-- Excerpted records follows --

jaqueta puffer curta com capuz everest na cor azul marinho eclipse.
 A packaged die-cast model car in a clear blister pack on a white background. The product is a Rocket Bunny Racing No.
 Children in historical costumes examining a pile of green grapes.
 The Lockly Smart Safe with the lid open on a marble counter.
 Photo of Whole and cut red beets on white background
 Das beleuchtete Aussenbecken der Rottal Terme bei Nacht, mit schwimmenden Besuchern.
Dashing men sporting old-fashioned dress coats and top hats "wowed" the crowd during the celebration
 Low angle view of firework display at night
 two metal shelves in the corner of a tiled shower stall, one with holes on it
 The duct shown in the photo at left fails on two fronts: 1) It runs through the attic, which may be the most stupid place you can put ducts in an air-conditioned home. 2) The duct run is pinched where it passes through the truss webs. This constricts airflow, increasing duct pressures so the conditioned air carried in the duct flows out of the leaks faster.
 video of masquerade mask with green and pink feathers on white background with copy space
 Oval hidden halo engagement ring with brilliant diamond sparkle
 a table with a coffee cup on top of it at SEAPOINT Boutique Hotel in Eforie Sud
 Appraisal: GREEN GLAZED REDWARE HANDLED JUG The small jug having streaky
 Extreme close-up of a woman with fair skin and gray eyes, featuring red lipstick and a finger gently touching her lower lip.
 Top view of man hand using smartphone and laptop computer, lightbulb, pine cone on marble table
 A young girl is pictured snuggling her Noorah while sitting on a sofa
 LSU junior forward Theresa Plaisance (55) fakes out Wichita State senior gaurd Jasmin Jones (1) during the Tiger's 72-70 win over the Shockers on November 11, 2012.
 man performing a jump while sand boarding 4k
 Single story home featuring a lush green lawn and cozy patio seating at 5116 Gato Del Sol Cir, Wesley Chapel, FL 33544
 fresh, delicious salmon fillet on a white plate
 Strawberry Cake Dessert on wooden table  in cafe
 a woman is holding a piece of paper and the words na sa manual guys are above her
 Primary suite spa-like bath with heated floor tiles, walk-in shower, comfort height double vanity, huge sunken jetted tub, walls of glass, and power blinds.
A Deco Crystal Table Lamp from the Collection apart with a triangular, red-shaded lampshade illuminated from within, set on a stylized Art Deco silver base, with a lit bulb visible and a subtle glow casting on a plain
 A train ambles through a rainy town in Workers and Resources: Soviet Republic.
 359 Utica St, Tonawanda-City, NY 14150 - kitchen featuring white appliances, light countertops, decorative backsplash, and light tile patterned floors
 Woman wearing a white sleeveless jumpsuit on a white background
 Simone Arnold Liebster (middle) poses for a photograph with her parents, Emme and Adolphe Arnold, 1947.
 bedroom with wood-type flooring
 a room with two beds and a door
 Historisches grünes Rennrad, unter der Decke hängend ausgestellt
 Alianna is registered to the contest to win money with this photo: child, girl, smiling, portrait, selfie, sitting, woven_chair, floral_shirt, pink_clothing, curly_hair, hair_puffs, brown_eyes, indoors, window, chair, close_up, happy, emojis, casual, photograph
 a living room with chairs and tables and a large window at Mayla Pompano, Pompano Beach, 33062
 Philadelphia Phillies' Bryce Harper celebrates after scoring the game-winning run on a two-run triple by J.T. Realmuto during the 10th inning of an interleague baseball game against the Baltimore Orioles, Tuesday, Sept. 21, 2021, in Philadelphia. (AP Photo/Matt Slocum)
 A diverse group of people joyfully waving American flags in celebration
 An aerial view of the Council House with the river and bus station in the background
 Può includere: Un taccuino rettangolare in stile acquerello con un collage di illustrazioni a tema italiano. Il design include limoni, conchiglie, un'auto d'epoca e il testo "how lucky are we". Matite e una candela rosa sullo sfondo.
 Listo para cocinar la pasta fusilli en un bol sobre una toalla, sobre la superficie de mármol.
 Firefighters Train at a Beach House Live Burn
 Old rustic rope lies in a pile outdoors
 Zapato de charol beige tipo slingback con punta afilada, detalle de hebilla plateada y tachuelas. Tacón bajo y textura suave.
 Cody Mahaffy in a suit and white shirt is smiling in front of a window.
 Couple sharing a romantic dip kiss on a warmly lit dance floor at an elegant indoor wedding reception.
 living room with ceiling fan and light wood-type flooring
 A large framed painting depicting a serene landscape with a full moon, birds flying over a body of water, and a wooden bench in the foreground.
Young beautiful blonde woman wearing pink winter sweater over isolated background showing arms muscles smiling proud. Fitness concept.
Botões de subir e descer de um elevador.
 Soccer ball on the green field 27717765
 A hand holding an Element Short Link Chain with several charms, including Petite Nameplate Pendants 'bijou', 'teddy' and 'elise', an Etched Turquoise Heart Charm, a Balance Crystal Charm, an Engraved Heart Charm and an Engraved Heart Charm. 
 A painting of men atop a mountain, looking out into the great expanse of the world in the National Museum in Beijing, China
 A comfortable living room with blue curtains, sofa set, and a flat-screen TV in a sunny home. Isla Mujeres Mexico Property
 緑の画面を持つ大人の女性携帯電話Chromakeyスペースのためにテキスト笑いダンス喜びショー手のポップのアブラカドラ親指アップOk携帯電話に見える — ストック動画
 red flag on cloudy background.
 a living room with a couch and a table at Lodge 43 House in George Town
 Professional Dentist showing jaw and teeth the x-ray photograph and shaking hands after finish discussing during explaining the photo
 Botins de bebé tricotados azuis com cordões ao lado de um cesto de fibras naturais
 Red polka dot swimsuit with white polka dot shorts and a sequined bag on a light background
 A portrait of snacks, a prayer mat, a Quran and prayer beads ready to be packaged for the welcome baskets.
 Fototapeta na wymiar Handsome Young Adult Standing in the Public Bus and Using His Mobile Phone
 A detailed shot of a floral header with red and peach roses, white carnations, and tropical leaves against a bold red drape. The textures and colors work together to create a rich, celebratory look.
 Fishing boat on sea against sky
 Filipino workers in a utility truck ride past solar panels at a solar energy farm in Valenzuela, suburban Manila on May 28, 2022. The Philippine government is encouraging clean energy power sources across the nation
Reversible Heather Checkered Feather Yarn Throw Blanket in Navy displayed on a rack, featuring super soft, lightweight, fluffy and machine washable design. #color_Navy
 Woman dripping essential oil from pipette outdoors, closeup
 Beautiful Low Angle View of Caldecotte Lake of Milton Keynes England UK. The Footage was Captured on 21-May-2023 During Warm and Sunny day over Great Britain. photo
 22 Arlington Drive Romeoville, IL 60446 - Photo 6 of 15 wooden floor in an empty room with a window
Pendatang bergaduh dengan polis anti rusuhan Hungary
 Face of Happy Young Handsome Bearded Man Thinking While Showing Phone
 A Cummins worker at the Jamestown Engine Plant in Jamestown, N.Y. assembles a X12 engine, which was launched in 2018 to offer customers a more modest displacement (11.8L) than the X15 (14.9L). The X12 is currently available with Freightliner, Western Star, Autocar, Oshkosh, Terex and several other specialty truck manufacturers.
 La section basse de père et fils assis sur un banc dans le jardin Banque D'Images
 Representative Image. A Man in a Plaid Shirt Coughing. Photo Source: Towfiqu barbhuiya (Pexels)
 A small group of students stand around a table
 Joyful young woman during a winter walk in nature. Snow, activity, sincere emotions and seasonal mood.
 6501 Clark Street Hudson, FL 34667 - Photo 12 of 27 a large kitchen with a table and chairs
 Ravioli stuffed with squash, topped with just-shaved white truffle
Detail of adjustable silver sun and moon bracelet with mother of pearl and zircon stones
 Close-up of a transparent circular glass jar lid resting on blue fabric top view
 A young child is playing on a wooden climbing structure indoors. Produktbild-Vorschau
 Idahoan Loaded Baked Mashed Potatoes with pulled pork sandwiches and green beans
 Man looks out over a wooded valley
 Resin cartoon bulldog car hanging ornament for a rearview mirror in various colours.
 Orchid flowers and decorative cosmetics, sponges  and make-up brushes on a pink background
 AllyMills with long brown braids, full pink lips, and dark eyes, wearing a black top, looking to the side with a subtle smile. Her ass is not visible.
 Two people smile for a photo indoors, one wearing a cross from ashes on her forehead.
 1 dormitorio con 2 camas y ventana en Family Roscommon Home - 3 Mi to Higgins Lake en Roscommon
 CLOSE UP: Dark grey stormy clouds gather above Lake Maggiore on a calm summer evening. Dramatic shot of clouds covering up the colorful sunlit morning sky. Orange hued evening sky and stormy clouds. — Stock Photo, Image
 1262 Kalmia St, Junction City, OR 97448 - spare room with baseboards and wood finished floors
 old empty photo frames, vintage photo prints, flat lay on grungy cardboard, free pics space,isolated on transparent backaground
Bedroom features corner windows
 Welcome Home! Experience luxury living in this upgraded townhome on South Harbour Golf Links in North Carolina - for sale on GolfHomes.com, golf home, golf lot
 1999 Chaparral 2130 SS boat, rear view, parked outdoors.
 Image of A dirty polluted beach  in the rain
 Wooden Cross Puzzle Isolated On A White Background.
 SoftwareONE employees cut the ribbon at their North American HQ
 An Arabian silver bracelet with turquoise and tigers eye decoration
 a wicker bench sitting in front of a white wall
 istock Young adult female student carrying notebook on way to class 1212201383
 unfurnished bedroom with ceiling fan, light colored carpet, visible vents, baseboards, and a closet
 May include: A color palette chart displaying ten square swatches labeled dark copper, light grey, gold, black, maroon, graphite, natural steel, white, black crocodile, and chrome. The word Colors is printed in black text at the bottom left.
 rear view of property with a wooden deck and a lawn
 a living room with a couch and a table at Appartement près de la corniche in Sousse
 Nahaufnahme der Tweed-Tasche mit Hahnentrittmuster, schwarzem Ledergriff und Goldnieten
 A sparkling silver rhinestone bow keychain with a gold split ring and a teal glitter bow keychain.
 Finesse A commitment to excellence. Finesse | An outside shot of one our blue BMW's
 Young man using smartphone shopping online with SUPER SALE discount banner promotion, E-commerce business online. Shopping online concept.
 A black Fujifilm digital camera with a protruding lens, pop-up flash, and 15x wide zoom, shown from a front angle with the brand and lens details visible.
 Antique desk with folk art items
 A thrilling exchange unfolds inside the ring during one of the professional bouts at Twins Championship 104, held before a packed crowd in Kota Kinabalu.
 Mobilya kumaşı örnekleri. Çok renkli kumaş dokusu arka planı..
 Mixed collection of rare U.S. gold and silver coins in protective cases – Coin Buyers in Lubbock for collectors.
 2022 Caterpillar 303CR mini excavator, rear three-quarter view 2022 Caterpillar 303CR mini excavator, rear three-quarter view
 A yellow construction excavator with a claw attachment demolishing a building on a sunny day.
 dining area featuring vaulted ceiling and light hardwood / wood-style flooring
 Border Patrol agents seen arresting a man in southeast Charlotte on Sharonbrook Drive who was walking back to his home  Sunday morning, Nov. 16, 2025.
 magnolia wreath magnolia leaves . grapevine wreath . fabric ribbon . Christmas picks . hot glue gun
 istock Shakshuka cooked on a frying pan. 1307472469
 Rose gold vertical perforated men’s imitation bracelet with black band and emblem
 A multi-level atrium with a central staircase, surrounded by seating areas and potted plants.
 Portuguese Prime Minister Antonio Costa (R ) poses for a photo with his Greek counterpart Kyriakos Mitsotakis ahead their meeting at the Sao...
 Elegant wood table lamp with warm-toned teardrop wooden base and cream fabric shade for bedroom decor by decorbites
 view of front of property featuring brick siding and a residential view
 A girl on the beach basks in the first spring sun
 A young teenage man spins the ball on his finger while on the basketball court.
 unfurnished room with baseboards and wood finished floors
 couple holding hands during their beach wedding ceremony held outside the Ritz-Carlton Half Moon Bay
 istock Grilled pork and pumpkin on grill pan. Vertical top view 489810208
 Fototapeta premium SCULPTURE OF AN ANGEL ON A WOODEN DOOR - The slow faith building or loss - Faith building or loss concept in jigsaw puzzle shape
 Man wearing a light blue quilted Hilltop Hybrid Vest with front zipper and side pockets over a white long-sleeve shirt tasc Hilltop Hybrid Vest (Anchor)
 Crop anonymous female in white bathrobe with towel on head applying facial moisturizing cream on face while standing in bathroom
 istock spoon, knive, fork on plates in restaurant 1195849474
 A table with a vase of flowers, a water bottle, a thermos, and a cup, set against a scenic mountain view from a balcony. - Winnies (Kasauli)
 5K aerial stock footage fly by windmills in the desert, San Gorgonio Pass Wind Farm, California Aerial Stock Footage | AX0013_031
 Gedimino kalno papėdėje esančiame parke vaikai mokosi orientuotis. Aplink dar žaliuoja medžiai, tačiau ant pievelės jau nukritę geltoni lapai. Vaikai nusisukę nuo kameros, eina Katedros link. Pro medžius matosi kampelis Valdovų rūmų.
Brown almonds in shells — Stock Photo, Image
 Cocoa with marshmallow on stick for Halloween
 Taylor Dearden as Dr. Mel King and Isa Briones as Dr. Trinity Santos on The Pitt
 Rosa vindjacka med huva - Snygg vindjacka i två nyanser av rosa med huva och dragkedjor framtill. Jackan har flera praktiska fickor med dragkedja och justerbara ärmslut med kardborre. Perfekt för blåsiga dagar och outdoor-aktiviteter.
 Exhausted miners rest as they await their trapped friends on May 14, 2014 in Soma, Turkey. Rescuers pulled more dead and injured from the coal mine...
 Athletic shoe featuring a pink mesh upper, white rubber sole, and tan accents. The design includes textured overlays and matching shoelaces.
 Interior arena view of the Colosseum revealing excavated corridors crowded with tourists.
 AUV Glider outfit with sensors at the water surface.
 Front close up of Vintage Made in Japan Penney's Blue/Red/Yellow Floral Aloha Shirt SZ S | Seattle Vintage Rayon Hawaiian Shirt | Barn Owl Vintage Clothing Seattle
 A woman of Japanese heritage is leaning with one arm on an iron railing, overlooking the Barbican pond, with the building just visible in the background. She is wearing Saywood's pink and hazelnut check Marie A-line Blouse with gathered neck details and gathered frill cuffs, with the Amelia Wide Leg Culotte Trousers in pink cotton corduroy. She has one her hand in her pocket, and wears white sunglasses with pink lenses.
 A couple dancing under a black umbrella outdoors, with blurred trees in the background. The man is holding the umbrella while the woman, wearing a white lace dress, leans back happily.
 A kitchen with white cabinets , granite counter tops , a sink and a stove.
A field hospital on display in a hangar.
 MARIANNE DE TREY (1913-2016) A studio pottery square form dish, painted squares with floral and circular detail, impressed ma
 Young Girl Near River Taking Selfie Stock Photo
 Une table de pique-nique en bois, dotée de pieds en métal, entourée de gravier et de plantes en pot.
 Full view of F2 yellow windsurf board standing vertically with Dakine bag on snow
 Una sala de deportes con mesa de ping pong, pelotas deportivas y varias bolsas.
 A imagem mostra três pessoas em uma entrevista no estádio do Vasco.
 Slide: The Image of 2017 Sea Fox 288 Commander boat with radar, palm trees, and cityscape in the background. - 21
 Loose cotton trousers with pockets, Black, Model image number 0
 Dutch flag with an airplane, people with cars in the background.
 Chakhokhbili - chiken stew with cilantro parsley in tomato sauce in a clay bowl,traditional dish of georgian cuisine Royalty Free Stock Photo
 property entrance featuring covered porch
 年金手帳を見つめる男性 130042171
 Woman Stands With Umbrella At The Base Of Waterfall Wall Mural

-- Excerpted records concluded --

In the listing, how many lines carry the string "Drive"? Answer with a number only.

Response to the task
2